AIM OF THE TASK
An exact copy of every entry is required, minus the pictures.

RECORDS SHOWN
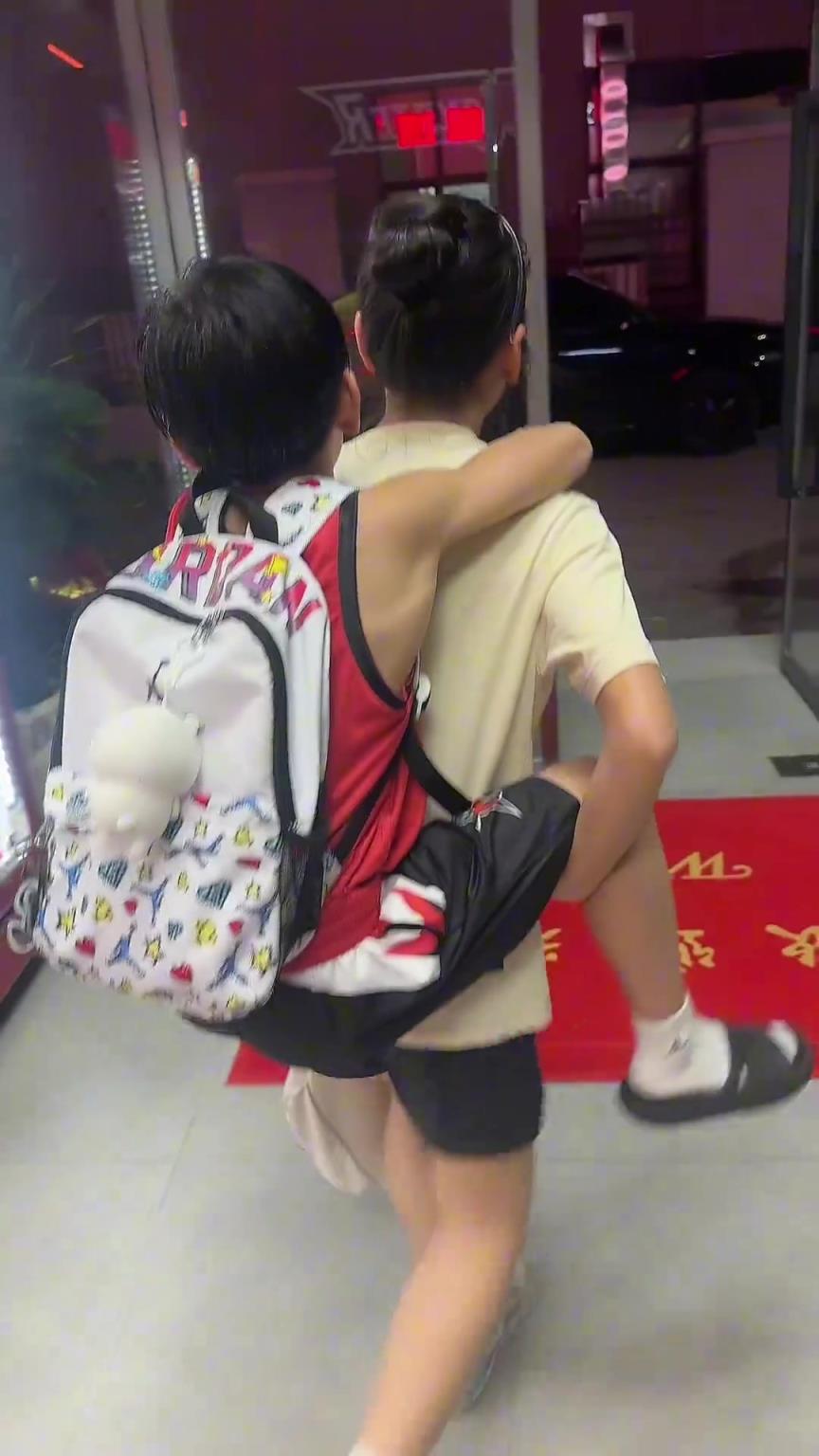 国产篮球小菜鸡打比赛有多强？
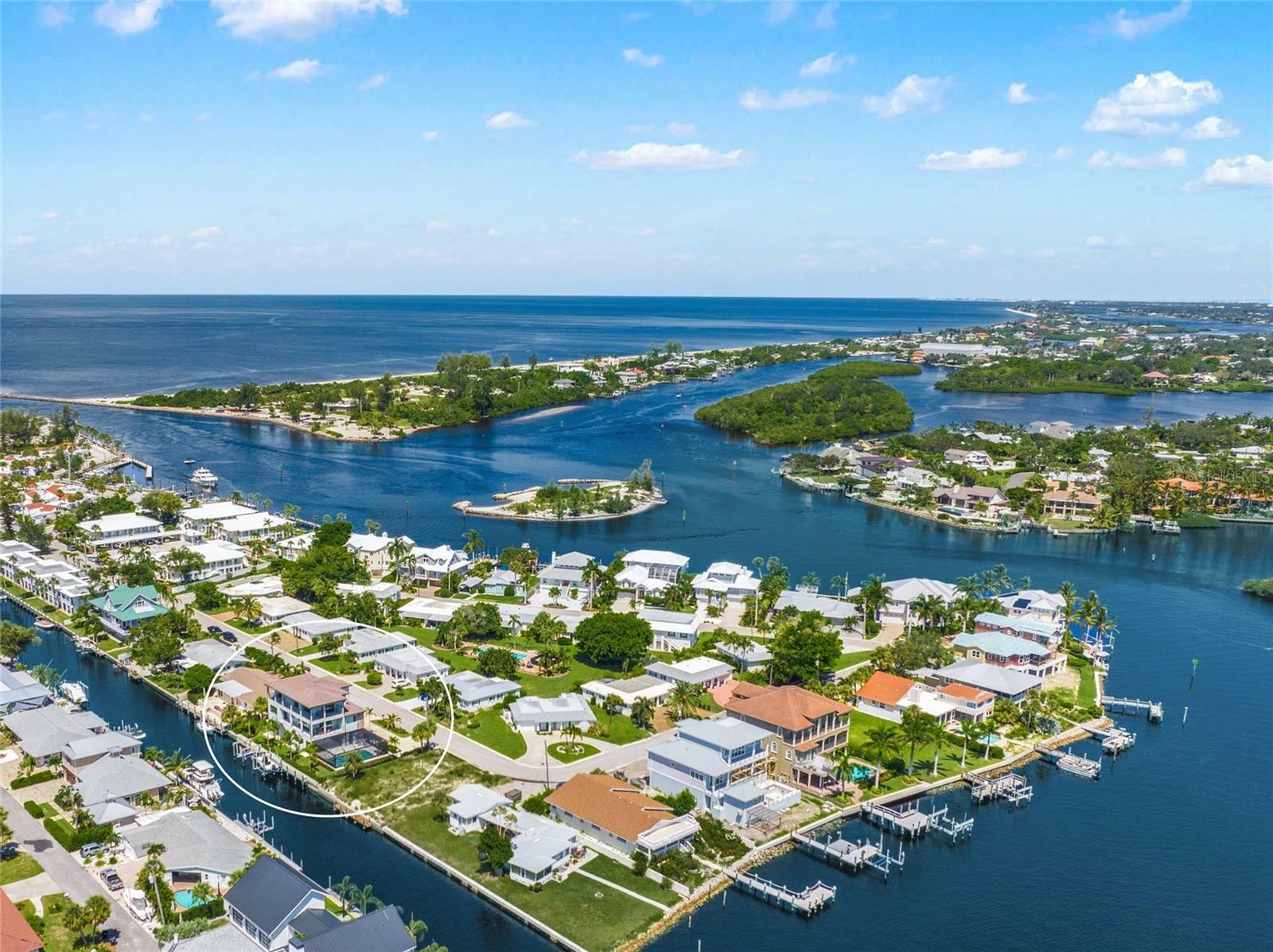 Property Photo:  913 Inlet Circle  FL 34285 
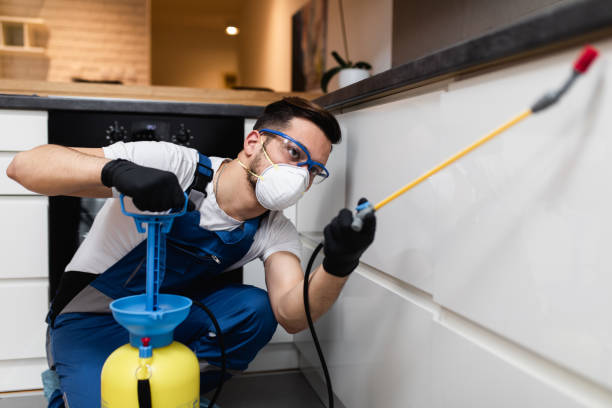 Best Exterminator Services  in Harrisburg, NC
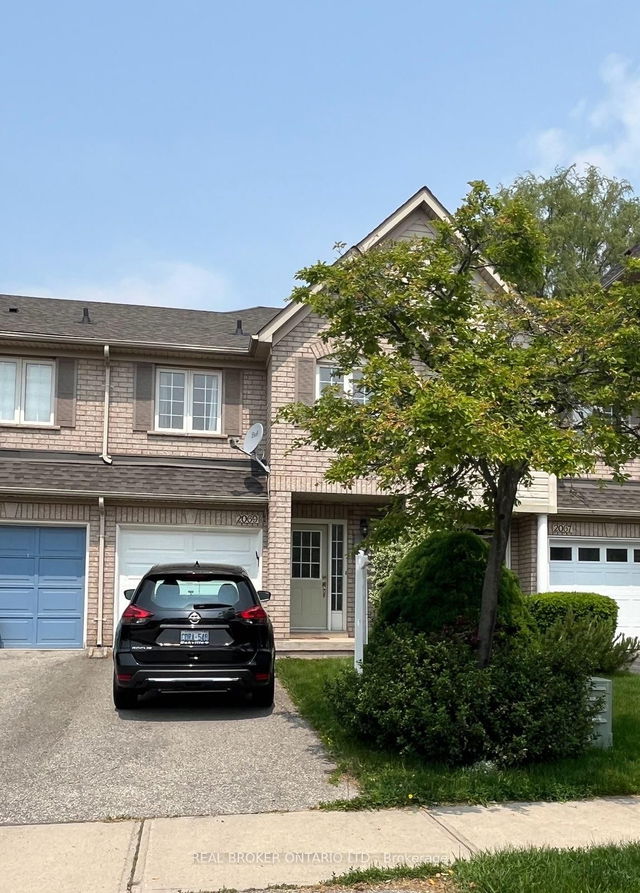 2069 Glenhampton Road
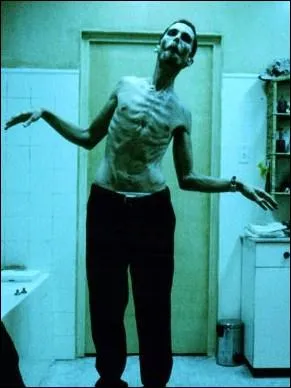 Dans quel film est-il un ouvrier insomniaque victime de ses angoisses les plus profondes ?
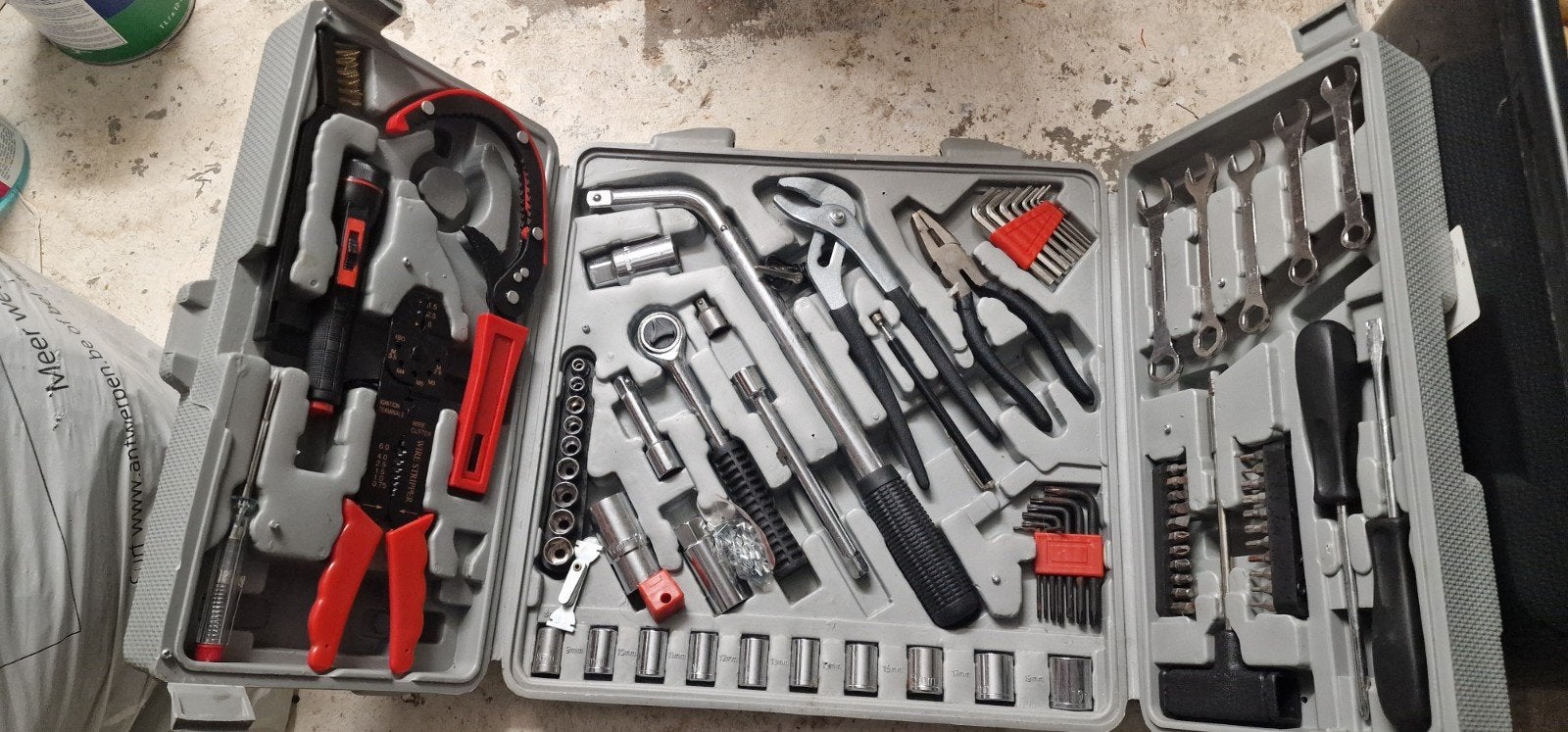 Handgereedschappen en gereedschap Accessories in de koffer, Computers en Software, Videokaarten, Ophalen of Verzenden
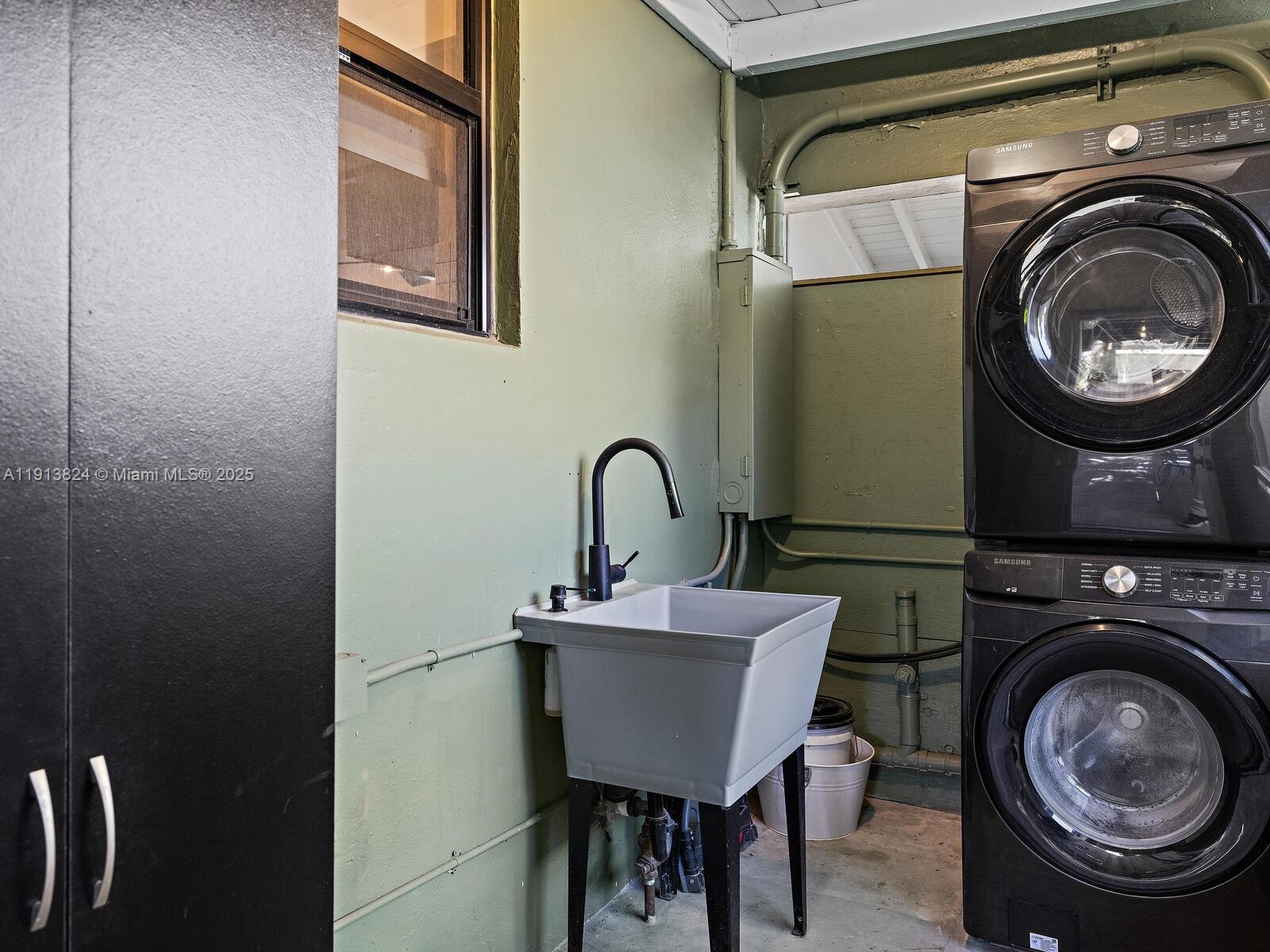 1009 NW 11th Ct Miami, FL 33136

ANSWER TO THE EXERCISE
 国产篮球小菜鸡打比赛有多强？
 Property Photo:  913 Inlet Circle  FL 34285 
 Best Exterminator Services  in Harrisburg, NC
 2069 Glenhampton Road
 Dans quel film est-il un ouvrier insomniaque victime de ses angoisses les plus profondes ?
 Handgereedschappen en gereedschap Accessories in de koffer, Computers en Software, Videokaarten, Ophalen of Verzenden
 1009 NW 11th Ct Miami, FL 33136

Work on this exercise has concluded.